A computer driven economy tempts people to confide many things to the glass screen than are indiscreet. Sometimes this is necessary, like sending online for meds for something stigmatized or pointing to vulnerability. Other times details betray personality traits or culture confinements that are no one’s business, but that same push to share is a valuable way of understanding and relieving the pressure.
Decades ago I was defined as having a “borderline personality,” so I’ve been alert to thought about the category. (In one counselling circle for ministers, both of the two professional PhD level leaders had been defined as “border personalities.) Cambridge Analytica (Bannon thought up the name which he thought sounded impressive) has a category in their quiz called “neuroticism.” Educated people who have their scores explained to them always object to this word. They want to be “well-adjusted,” attuned to the culture of their education which endorses stability, predictability — as though that indicated sanity. What makes me fall into the borderline category is simply that I have a mix of characteristics that comes from a wide range of experiences, some working class and others professional. I AM on the border, but it’s between alternatives, not between in and out. Luckily, since I have a fairly solid history of success and praise, I can ignore the judgment.

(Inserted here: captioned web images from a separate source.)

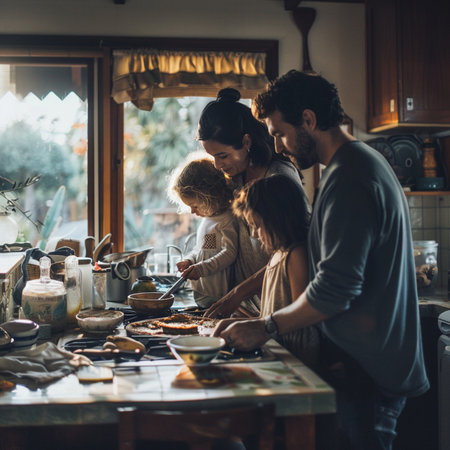 Happy family cooking together at home. Mother, father and their little daughter are preparing food.の素材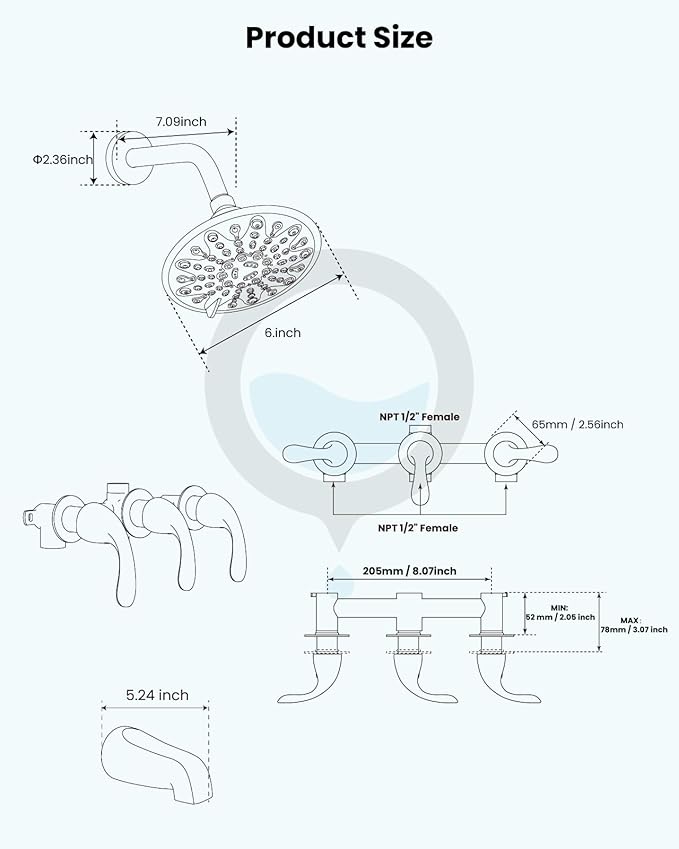 gotonovo 3 Handle Tub Shower Faucet Set, Bathtub Shower Fixture,Bathroom Tub and Shower Faucet Combo Shower System Complete Tub and Shower Trim Kit with 6 Settings Showerhead Polished Chrome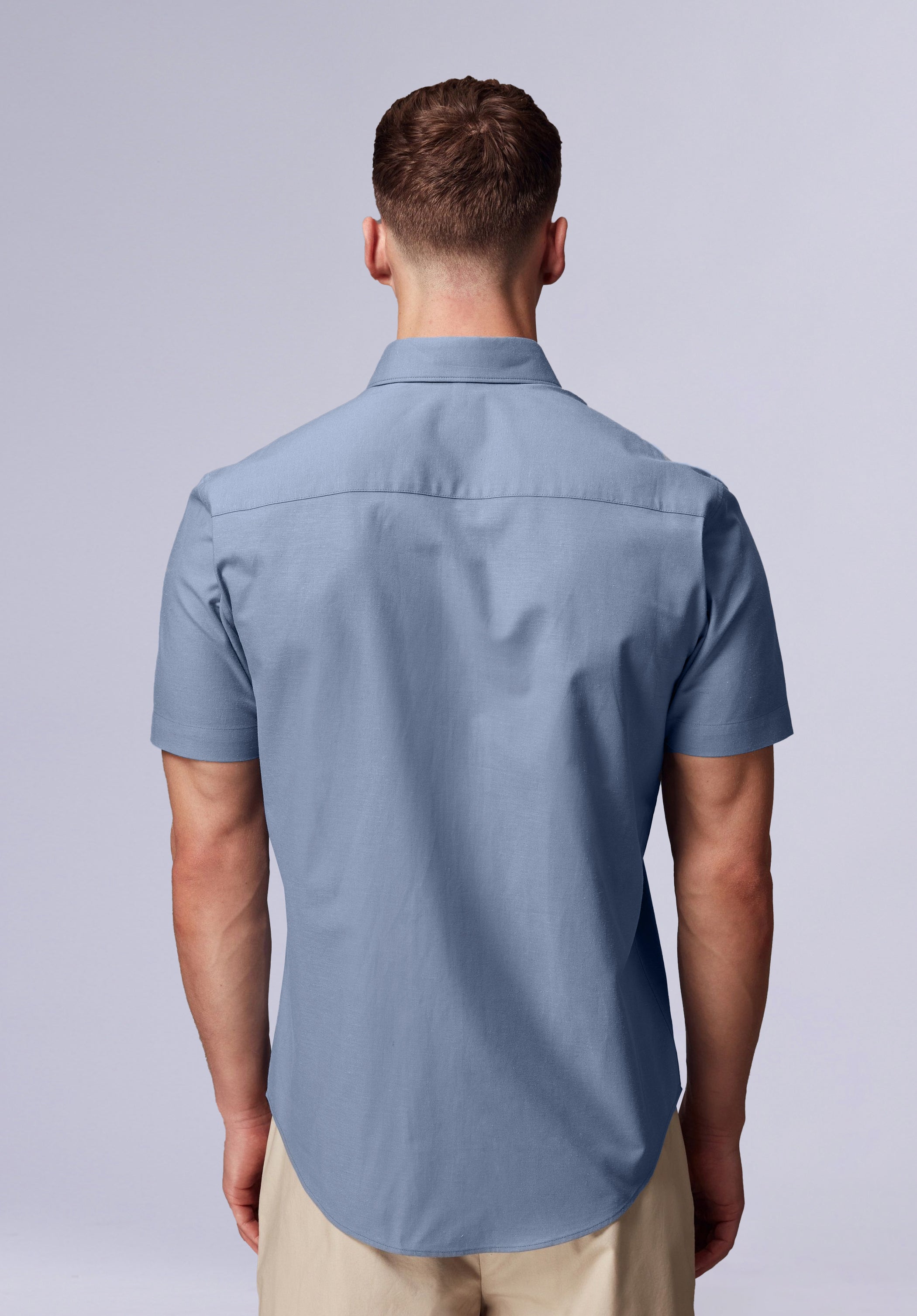 TEAL HALF BAMBOO SILK SHIRT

I’ve become a fan of Christopher Wylie, the guy with pink hair and a nose ring, who explained how Cambridge Analytics spoofed Steve Bannon, knowing that he’s an affronted white man with a self-image asserting that he’s educated. CA had a fake office and if Bannon were around they brought in university types to endorse the illusion. Nx, the owner/inventor of CA, also fancied himself an intellectual.
This vid is Wylie testifying.
One of Bannon’s ideas was that politics is essentially war and should be pursued in that way. He proposed that to get hold of politics, one must change the people and the culture, which is done by breaking it, killing what exists by fragmenting it, which is easy in a big various country.
I have another advantage that also qualifies me as having a “borderline personality.” My core method is theatre, the analysis of a portrayed specific culture, by acting out a certain type of person who is shaped by that culture and also helps to make the culture what it is. I take religious “performance” on Sunday mornings to be the same thing as opera on Saturday night, a category of theatre. “Borderline” means being able to look at both sides now.